Sycophancy remains the greatest ailment of our political culture. Many of those who now cheer one side or the other do so not out of conviction but out of convenience. Tomorrow they will switch allegiance. True patriotism lies not in defending personalities but in defending principles. A people enslaved by flattery cannot nurture a culture of justice.
The Nigerian elite must learn to submit to the same laws that govern the poor. When big men fence off public land and use connections to shield their interests, they mock the very constitution they swore to uphold. The FCT, as the mirror of national order, must not become a jungle where only the powerful can build.
The lesson for Wike himself is also clear: power is best exercised with calmness. The weight of his office demands more than bravery; it demands statesmanship. To lead is not merely to command, but to persuade — even those who resist your authority.
Equally, the lesson for the armed forces is that professionalism shines brightest in restraint. Obedience to illegal orders is not loyalty; it is complicity. The soldier who stands on the side of justice protects both his honour and the dignity of his uniform.
The Presidency, too, must see this episode as a wake-up call to clarify institutional boundaries. If soldiers can be drawn into civil enforcement without authorization, then our democracy remains at risk of subtle militarization. The constitution must speak louder than confusion.
The Nigerian public deserves better than spectacles of ego. We crave leaders who rise above emotion and officers who respect civilian supremacy. Our children must not inherit a nation where authority means shouting matches and intimidation in public glare.
Every democracy matures through such tests. What matters is whether we learn the right lessons. The British once had generals who defied parliament; the Americans once fought over states’ rights; Nigeria, too, must pass through her own growing pains but with humility, not hubris.
If the confrontation has stirred discomfort, then perhaps it has done the nation some good. It forces a conversation long overdue: Who truly owns the state — the citizen or the powerful? Can we build a Nigeria where institutions, not individuals, define our destiny?
As the dust settles, both the FCTA and the military hierarchy must conduct impartial investigations. The truth must be established — not to shame anyone, but to restore order. Where laws were broken, consequences must follow. Where misunderstandings occurred, apologies must be offered.
Let the rule of law triumph over the rule of impulse. Let civility triumph over confrontation. Let governance return to the path of dialogue and procedure.
Nigeria cannot continue to oscillate between civilian bravado and military arrogance. Both impulses spring from the same insecurity — the fear of losing control. True leadership lies in the ability to trust institutions to do their work without coercion.
Those who witnessed the clash saw a drama of two gladiators. One in starched khaki, one in well-cut suit. Both proud, both unyielding. But a nation cannot be built on stubbornness; it must be built on understanding. Power, when it meets power, should produce order, not chaos.
We must resist the temptation to glorify temper. Governance is not warfare; it is stewardship. The citizen watches, the world observes, and history records. How we handle moments like this will define our collective maturity.
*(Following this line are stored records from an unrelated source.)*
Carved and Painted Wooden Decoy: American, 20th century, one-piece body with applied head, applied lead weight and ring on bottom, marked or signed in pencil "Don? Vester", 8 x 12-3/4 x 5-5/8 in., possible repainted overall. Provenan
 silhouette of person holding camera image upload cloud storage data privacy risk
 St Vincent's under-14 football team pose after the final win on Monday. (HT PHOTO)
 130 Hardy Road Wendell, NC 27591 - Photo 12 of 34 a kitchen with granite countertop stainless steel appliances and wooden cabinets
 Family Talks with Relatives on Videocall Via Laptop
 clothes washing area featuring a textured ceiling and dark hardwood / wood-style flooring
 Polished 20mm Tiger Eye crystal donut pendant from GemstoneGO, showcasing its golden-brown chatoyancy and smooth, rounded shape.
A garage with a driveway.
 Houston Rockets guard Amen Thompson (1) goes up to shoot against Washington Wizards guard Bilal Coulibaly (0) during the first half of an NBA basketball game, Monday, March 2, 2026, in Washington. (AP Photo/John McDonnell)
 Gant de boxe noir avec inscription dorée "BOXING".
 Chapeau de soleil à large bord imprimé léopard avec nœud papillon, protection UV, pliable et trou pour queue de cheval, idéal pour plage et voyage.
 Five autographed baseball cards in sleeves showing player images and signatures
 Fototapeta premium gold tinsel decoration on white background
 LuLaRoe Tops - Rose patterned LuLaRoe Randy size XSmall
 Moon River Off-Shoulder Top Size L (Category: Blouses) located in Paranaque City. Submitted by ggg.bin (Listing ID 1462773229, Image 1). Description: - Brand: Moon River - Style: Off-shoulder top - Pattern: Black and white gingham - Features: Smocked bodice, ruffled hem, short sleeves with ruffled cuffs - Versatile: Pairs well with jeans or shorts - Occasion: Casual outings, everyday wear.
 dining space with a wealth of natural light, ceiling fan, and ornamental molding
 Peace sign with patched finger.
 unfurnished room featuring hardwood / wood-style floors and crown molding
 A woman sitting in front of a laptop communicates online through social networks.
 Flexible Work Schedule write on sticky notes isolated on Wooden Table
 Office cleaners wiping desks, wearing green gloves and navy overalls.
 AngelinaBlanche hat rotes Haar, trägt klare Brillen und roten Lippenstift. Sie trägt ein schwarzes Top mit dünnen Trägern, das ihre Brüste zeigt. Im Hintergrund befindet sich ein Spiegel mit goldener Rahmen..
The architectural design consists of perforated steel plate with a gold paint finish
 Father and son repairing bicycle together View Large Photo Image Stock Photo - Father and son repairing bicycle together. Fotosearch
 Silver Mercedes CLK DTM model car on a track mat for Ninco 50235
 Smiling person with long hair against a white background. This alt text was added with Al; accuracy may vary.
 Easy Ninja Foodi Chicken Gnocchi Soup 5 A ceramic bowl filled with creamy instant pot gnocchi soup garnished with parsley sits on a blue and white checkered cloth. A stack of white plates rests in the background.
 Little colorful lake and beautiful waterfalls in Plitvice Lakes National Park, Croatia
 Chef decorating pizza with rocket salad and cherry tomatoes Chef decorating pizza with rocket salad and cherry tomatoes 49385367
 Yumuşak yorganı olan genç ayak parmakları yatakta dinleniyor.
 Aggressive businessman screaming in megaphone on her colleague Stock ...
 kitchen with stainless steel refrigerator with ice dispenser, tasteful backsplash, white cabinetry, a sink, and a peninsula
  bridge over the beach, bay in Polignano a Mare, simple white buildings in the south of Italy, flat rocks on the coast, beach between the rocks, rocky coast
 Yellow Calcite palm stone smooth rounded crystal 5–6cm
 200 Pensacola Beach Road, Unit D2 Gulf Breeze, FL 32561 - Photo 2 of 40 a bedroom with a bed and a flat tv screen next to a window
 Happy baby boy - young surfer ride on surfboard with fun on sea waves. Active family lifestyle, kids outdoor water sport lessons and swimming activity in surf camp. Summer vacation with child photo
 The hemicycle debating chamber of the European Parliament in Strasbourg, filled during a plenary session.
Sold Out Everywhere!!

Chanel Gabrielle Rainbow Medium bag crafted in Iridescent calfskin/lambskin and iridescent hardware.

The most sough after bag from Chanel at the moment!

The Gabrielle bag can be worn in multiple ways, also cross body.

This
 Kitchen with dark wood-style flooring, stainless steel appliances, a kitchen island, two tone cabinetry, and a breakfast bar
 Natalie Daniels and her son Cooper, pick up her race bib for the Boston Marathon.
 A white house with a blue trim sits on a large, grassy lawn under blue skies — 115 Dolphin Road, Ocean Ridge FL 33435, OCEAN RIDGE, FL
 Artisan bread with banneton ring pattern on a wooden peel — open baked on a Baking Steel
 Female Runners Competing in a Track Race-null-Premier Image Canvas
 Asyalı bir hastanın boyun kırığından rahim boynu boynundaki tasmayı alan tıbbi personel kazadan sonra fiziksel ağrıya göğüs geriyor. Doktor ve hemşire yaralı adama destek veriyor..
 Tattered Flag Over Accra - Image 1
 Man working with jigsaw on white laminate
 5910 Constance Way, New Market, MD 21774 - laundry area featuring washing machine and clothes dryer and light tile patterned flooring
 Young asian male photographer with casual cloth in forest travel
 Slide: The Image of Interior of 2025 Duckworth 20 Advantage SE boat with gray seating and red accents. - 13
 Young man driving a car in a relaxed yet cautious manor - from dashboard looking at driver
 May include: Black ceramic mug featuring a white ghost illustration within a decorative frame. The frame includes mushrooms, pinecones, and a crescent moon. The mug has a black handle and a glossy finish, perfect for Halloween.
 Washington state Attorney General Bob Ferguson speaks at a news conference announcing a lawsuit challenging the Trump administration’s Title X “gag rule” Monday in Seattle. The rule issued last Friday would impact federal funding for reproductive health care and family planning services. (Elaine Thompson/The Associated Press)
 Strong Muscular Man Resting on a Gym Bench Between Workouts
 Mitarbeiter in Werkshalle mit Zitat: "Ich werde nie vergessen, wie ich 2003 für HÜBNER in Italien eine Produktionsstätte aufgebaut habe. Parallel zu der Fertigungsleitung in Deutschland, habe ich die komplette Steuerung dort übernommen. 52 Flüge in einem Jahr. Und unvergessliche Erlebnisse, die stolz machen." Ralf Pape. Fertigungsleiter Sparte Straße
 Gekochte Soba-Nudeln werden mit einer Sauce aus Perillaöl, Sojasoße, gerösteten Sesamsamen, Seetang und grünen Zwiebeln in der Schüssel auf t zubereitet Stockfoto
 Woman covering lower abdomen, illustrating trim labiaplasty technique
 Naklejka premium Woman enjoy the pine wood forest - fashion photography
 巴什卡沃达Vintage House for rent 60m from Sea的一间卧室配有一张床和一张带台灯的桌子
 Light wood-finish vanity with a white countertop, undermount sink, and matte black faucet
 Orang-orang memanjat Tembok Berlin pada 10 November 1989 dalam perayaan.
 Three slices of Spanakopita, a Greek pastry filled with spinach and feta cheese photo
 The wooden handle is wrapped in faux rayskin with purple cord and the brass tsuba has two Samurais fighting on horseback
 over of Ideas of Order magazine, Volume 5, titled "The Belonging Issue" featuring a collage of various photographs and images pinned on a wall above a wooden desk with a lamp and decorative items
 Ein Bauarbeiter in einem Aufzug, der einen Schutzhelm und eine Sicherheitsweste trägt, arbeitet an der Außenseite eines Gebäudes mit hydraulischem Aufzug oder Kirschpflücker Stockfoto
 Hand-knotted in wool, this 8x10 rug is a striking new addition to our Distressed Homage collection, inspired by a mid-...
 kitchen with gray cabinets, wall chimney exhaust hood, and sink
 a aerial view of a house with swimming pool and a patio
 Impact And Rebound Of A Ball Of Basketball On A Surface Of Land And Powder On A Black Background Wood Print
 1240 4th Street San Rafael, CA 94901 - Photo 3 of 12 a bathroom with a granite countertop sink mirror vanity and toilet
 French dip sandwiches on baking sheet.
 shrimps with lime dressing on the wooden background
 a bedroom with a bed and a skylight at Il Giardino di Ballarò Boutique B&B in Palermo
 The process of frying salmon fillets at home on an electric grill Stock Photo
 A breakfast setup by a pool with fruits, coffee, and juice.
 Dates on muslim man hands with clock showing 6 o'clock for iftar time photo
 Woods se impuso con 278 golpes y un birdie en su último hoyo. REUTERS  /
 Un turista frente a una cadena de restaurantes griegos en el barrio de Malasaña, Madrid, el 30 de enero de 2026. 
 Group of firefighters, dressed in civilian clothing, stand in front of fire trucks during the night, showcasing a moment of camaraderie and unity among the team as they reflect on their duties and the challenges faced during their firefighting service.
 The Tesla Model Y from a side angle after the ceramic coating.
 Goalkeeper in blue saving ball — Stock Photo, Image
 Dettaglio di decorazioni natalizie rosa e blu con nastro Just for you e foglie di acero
The confrontation may have ended without violence, but it left deep questions in the national conscience. When men of authority quarrel in the open, institutions tremble. The people, once again, become spectators in a theatre of misplaced pride.
It is time for all who hold office — civilian or military — to remember that they serve under the same flag. That flag is neither khaki nor political colour; it is green-white-green, and it demands humility.
No victor, no vanquish only a lesson for a nation still learning to govern itself with dignity.